What did the study ask? |
What are the long-term cumulative clinical benefits, assessed as complete and almost-complete skin clearance based on area under the curve, for biologics in the treatment of moderate-to-severe psoriasis? |
What was learned from the study? |
In a network meta-analysis assessing area under the curve up to 52 weeks, ixekizumab showed the highest cumulative benefit for complete clearance, followed by risankizumab and other biologics. |
For almost-complete clearance, risankizumab showed the highest cumulative benefit, followed by ixekizumab and other biologics. |
Introduction
Psoriasis is a chronic inflammatory skin disease affecting approximately 2–3% of the population in the USA [1]. Many biologic therapies that target critical immune-mediated pathways involved in the pathogenesis of psoriasis have been approved, including first-generation tumor necrosis factor (TNF) inhibitors, followed by second-generation biologics such as interleukin (IL)-17, IL-12/23, and IL-23 inhibitors, which elevated the treatment goals for psoriasis. Since there are many biologic choices available to patients and practitioners, comparative data among biologics are needed to help inform treatment decisions.

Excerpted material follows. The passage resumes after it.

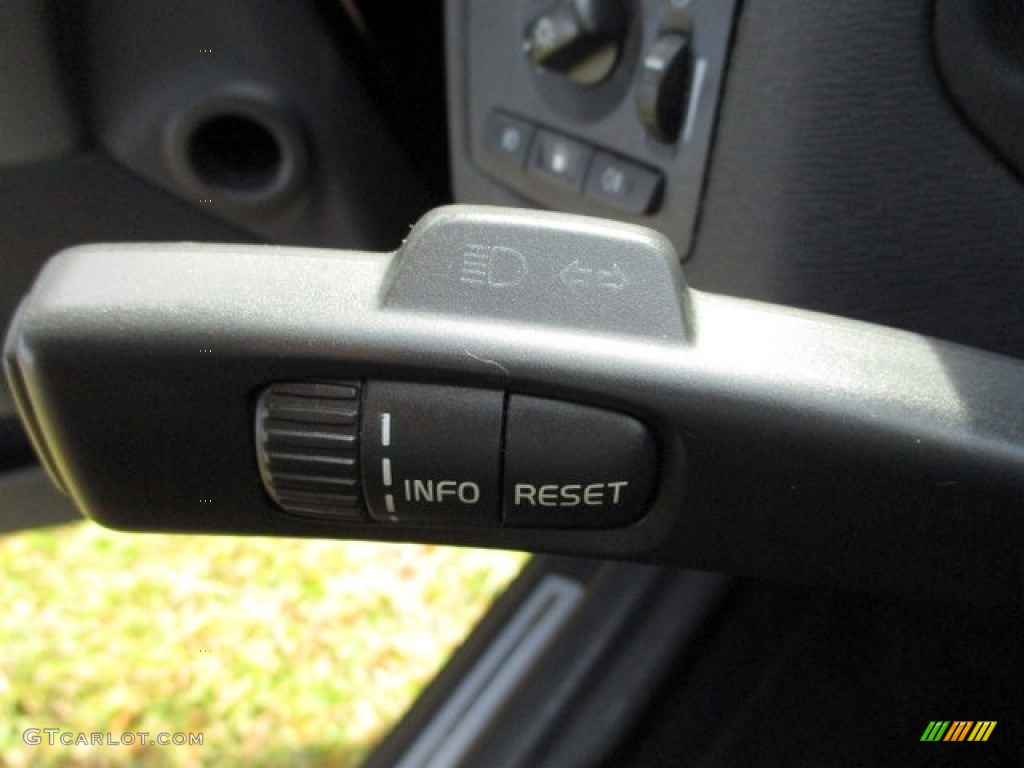 2011 C70 T5 - Black / Soverign Hide Off Black Leather/Off Black photo #48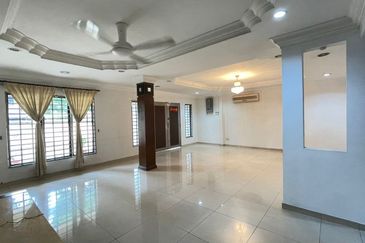 C H E A P 2 sty Taman Oug Semi D house for sale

Both rapid onset of treatment response and the magnitude of sustained response are important to patients affected by psoriasis [2,3,4]. However, in chronic inflammatory diseases generally, it is also important to assess cumulative disease impact as a marker of overall inflammatory burden; for example, in psoriatic and rheumatoid arthritis, structural damage serves as both an important endpoint and as a surrogate marker of cumulative disease impact. In patients suffering with chronic skin disease, including psoriasis, cumulative life course impairment (CLCI) [5] is a multidimensional tool designed to assess the cumulative burden of skin disease over time. Area under the curve (AUC) for clinical response provides a cumulative assessment of treatment effect, capturing not only the magnitude and speed of onset, but also the maintenance of clinical response over time [6,7,8]. Indeed, measurements of long-term cumulative benefit may provide more clinically meaningful data than measurements of response at a single timepoint.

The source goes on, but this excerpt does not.